Wonderboy Page 9
“It kind of swims,” I explained.
“Where does it swim?”
“Into the woman,” I whispered.
The lady had peeled off the Battenburg’s marzipan layer, and was now rolling it into a ball between her thumb and forefinger.
“Yes,” Tod said, “but how does it get into the woman?”
I said that we’d better go home as it looked like rain, although the sky was clear blue and cloudless.
“Does it go in her fer-gina?” he shouted.
I jumped up from the bench. The woman broke the cake into four squares—two pink, two yellow—and flung them down on the path.
Unprotected fishy intercourse will now be happening, on a daily basis, in my impressionable son’s bedroom, and we haven’t even got around to naming the parents.
“Fishy?” I suggest over breakfast. “Fishy and Dishy?”
“That’s stupid,” snorts Tod. This is the boy who, when presented with a cuddly dog one Christmas, racked his brain for a name until our decorations had been put away for next year, and finally came up with Dog.
“Bill and Ben?”
Tod gapes at me as if to say, why?
“Fuckwit and Arse,” I murmur, delving into the fruit bowl to find acceptable lunchbox components and discovering only peaches shrouded in blue fur.

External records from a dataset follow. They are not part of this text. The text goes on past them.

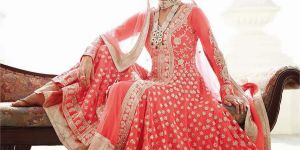 Zardozi Work Anarkali Dress
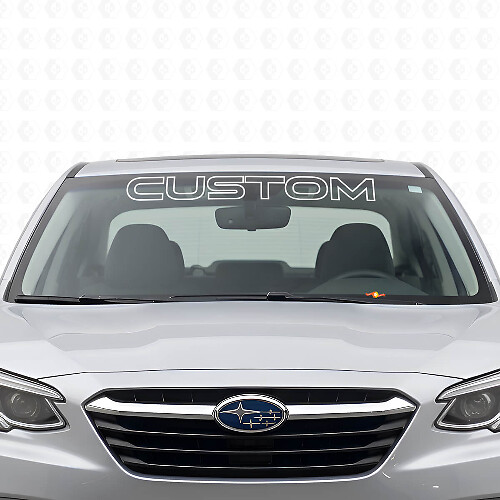 Umriss-Aufkleber für Frontscheibenbanner aus Vinyl für Subaru Legacy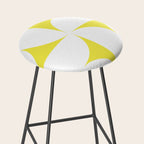 Bold Minimalism CLXXVIII White and Bright Yellow  Stool Gallery Image 2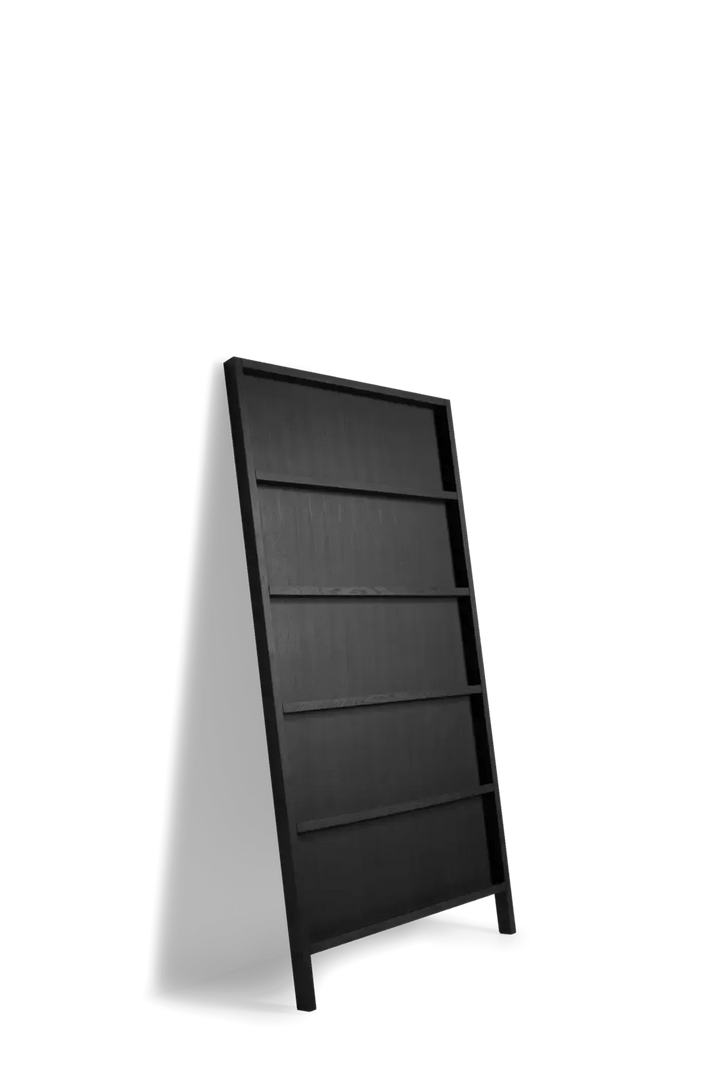 Oblique Wall Shelf - Moooi Shelving - Small - Black stained - HORNE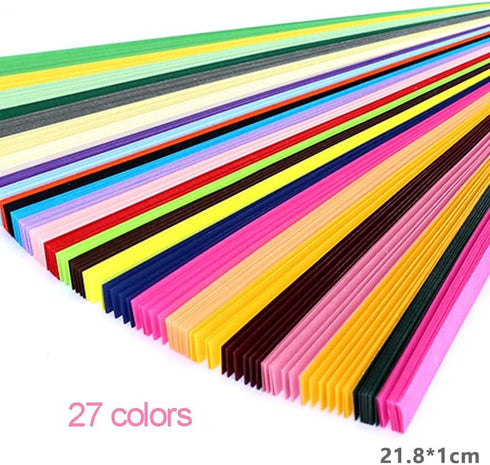 1350 Sheets Origami Stars Papers,Aierliusa Origami Star Paper Strip Package, Origami Paper Stars, 27 Colors, 1350 Stripes...
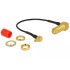 Delock Antenna Cable SMA 90° jack bulkhead > MMCX 90° plug 10 cm 1.37 thread length 13 mm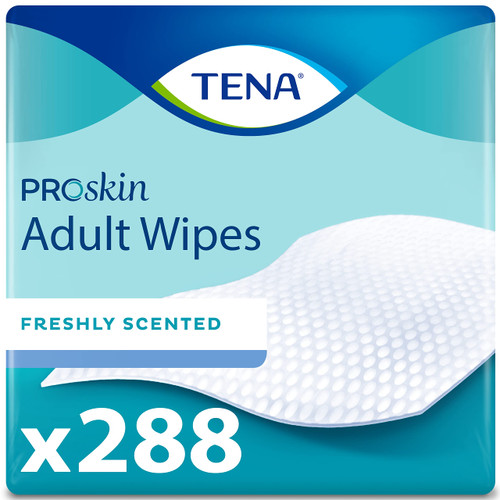 TENA Adult Wipes for Incontinence & Cleansing, ProSkin - 288 Count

“What?” Tod asks. “What did you say?”
I feign deafness and remind myself that it’s hardly fair to take out my ill humor on Tod, when it’s Marcus who appears to have forgotten Valentine’s Day. Who cares about a corny institution that propels intelligent adults into Hallmark shops to buy teddies bearing the message I Wuv You? Presenting an adult with a soft toy is an offence that should carry an extremely stiff penalty, like being forced to eat the thing, plastic eyeballs and all.

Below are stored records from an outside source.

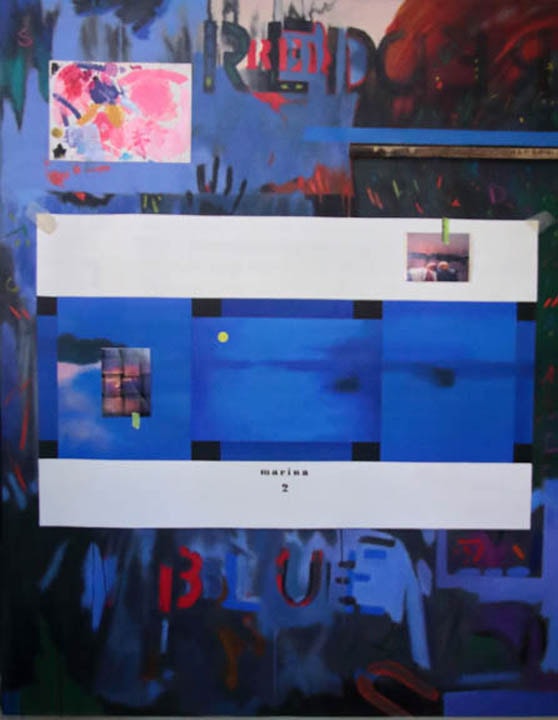 A Postmodern Postcard for Jasper John. A Seascape for Johns II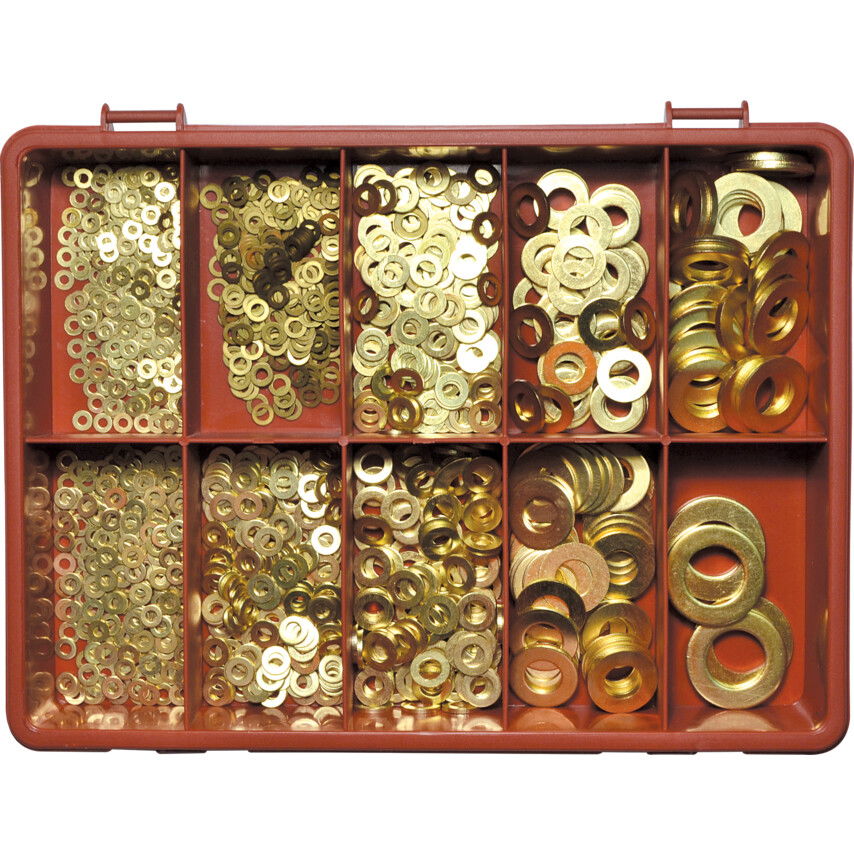 Qualfast METRIKUS SÁRGARÉZ ALÁTÉT KÉSZLET termék fő termékképe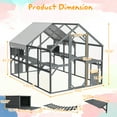 thumbnail image 2 of imerelez Cat Catio Outdoor Enclosure for Multiple Cats, Large Wooden Walk-in Cat House with Cat Climbing Ramp, 2 Lounging Huts, Platforms, Doors, and Weatherproof Roof Cove, 2 of 9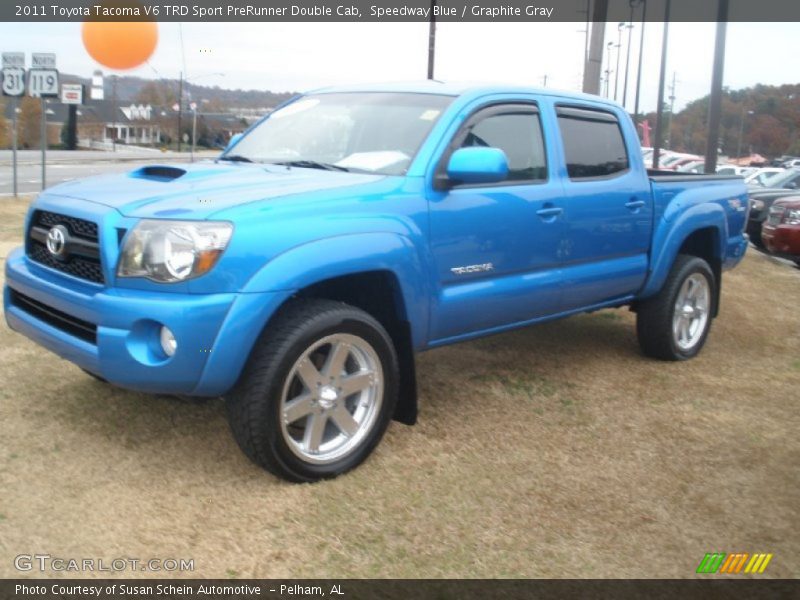 Speedway Blue / Graphite Gray 2011 Toyota Tacoma V6 TRD Sport PreRunner Double Cab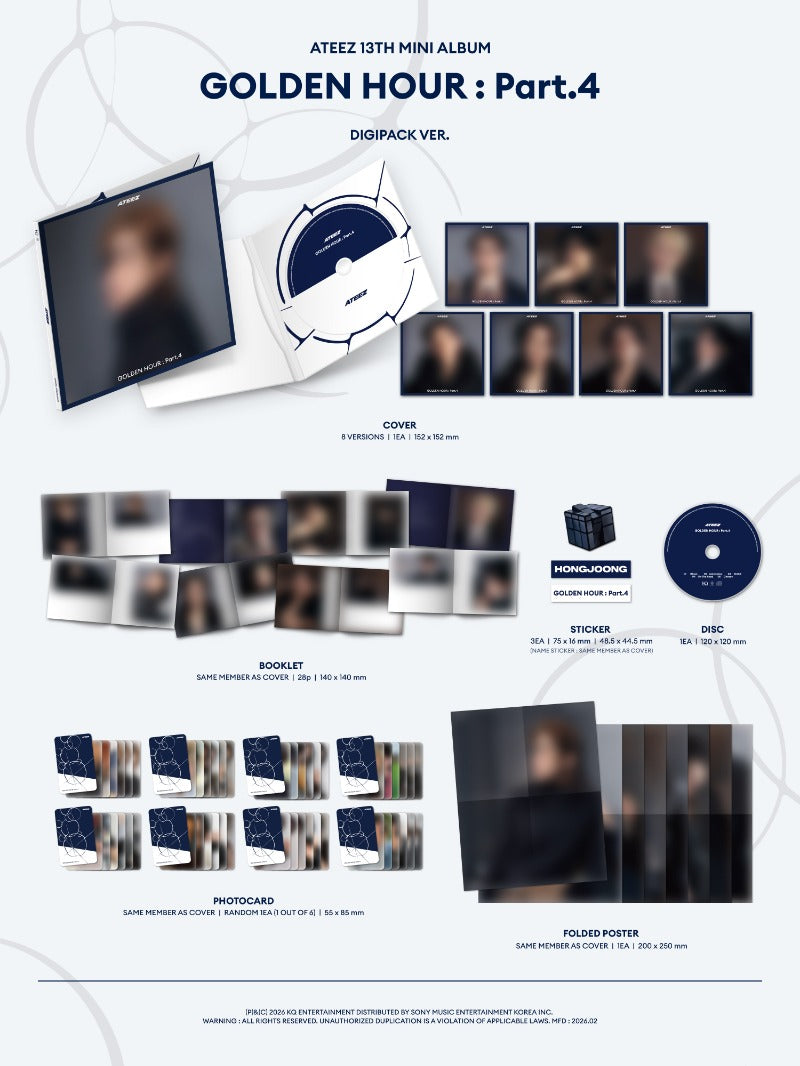 ATEEZ - [GOLDEN HOUR : Part.4] (Digipack Ver.)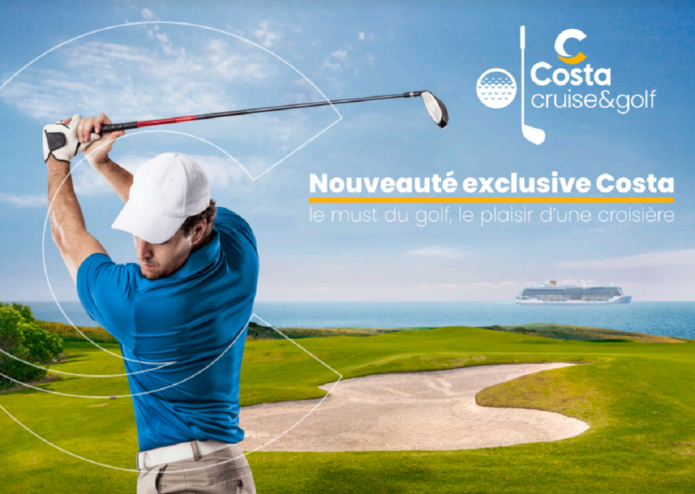 L'offre "Cruise & Golf" de Costa sera présentée lors de la National Golf Week - Crédit photo Costa Croisières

I don’t need a card to reassure me that I am adored by my husband. I did notice, however, that Marcus failed to open the fuchsia envelope I placed on his bedside table this morning, and that his parting shot before leaving for work was to remind me to call the drain man because something bubbles up into the shower every time we flush the loo, which suggests that we have a plumbing problem. This, I felt, was hardly in the spirit of Valentine’s Day.
We set off for school. Tod is dawdling, trying to peek into other people’s front rooms. He stops before the middle cottage in a terrace of three, and jams his binoculars against the front window.
“That’s so rude,” I hiss, tugging his jacket.
Inside the cottage a man slowly raises himself from an armchair and shuffles toward the window. He has two black thumb smudges for eyebrows, which wiggle angrily. Tod grins and waves.
I drag him onward, past the hairdresser where Tina’s son Harry is sucking a lolly. It’s a whistling lolly, which he blasts as we stride past. Tina has the smug flush of a woman who has just received roses. She is certainly being taken for dinner tonight to a restaurant where desserts come with a heart-shaped dribble of raspberry sauce.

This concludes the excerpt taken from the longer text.